José María Marco

Un mundo de emociones

Una de las tendencias más pesadas de los últimos tiempos es el sentimentalismo. Así como la corrupción nos ha llevado a envolvernos en los nobles ropajes de la regeneración, la crisis nos ha conducido a una especial predisposición a dejarnos afectar por los sentimientos.

Ya Obama, antes incluso de la crisis, había puesto de moda la empatía, que es la capacidad de los seres humanos para ponerse en el lugar de los demás y en vez de intentar comprender las razones de su situación, sentir como siente el prójimo y hacer suyas sus alegrías y, sobre todo, sus padecimientos. En vez de compasión, que parece ejercerse desde una posición de superioridad, y en vez de solidaridad, que suena mejor pero genera malentendidos políticos, la empatía es lo propio de un mundo de seres iguales y diferentes, capaces de vibrar unos con otros en una cierta comunidad de afectos. Empatizamos, por así decirlo, porque somos humanos. ¿Qué es la vida, sino una canción o un anuncio de lotería?

Los socialistas, como se decía ayer en estas mismas páginas, se apuntaron pronto a la moda. Durante bastante tiempo hicieron del sufrimiento una especie de tótem de la comunicación política. Rubalcaba se hartó de decir que las políticas de la derecha hacían sufrir a los ciudadanos, y, como es natural, todos teníamos que sufrir con nuestros conciudadanos sufrientes. Los ciudadanos, claro está, no sufren. Sufren las personas, que no es exactamente lo mismo. Ahora bien, esa mezcla de sentimientos y política, una vez iniciada, estaba llamada a tener un gran futuro. Por ahí se colaron los nuevos populistas. El populismo siempre ha apelado a las emociones, lo más intensas posibles. Por eso es tan atractivo: porque es inmediato, porque va más allá de lo racional, porque nos permite creer que somos mejores.

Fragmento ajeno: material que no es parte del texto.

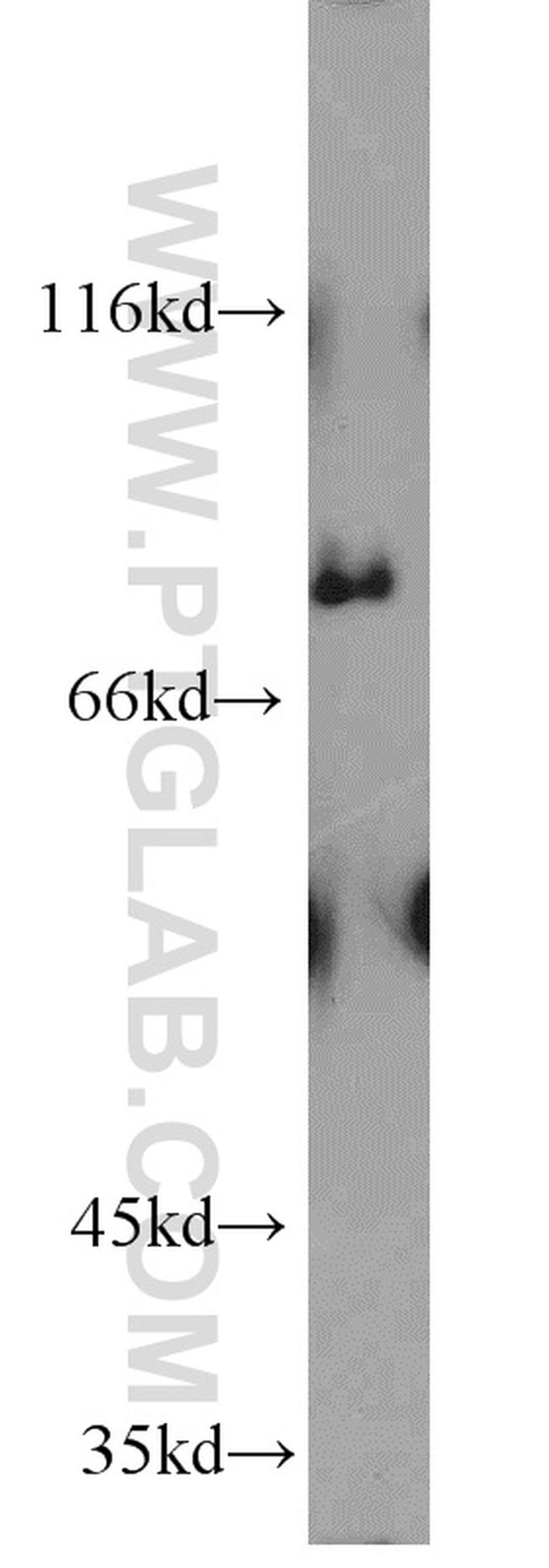 PALMD Antibody in Western Blot (WB)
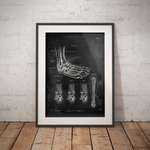 Sprunggelenk mit Bänderriss - Chalkboard - Animus Medicus GmbH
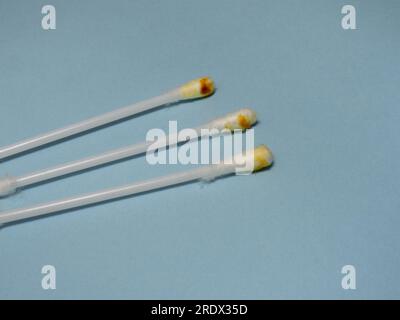 Dirty cotton swabs. Earwax on cotton swabs. Personal hygiene. Dirt from the ears. Medicine. Hygiene accessories. Discharge . Ear cleaning concept Stock Photo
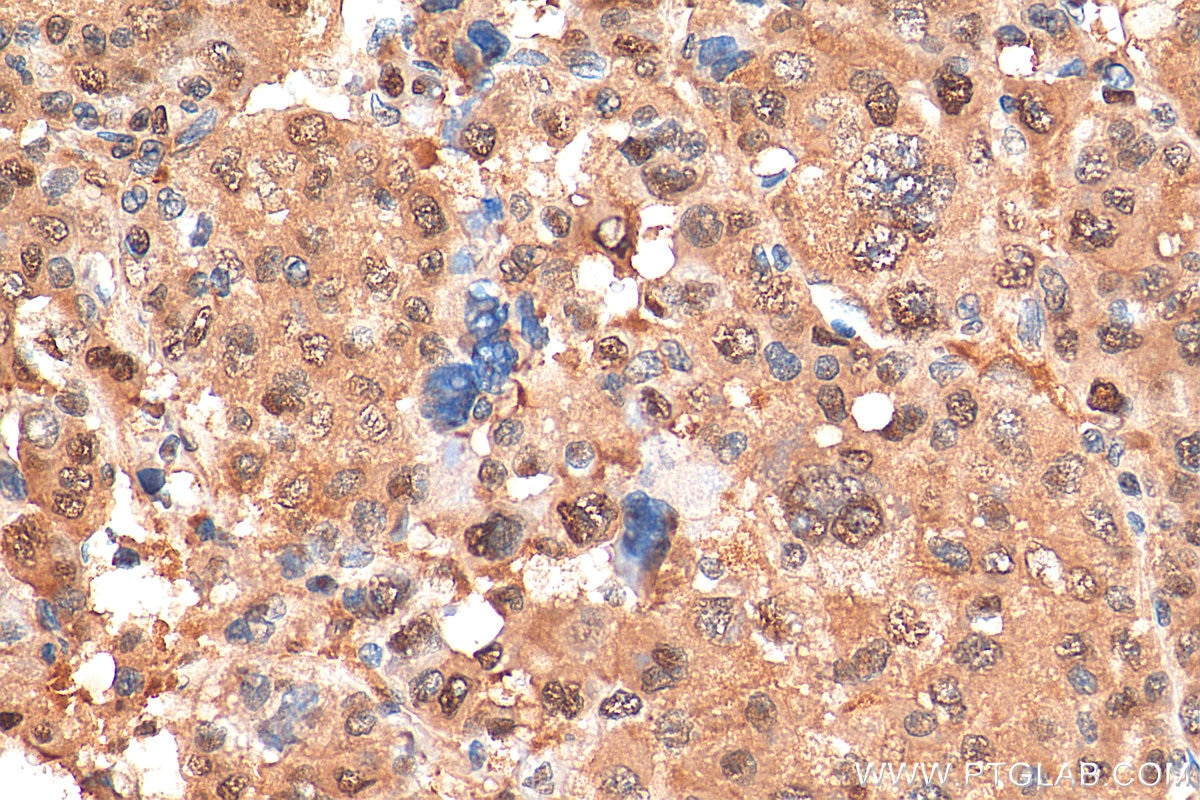 Immunohistochemistry (IHC) staining of human liver cancer tissue using PSMA3 Monoclonal antibody (67938-1-Ig)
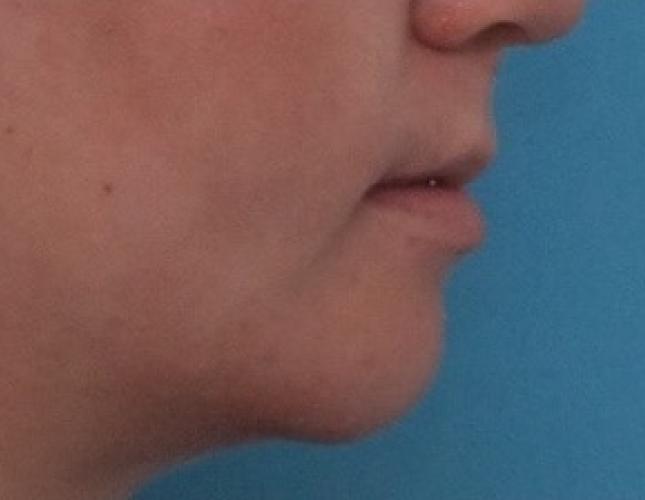 Sliding Genioplasty 2 after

Pues bien, no lo somos. El sufrimiento nos pone a prueba, pero no nos hace mejores. En general, nos hace peores. Mucho menos lo hace el recurso fácil de padecer por cuenta ajena. Un personaje de Proust se emocionaba más con las catástrofes que leía en los periódicos que con el fallecimiento de un vecino. Las emociones, efectivamente, halagan nuestro amor propio y nos vuelven egoístas. Están hechas para gestionar el sufrimiento, no para hacer un mundo mejor. Y un mundo surgido de las emociones será más egoísta, más injusto, más brutal y más despiadado que el que conocemos. Eso sí, quienes saben manejar las emociones –y lo suelen hacer con total frialdad– vivirán mejor.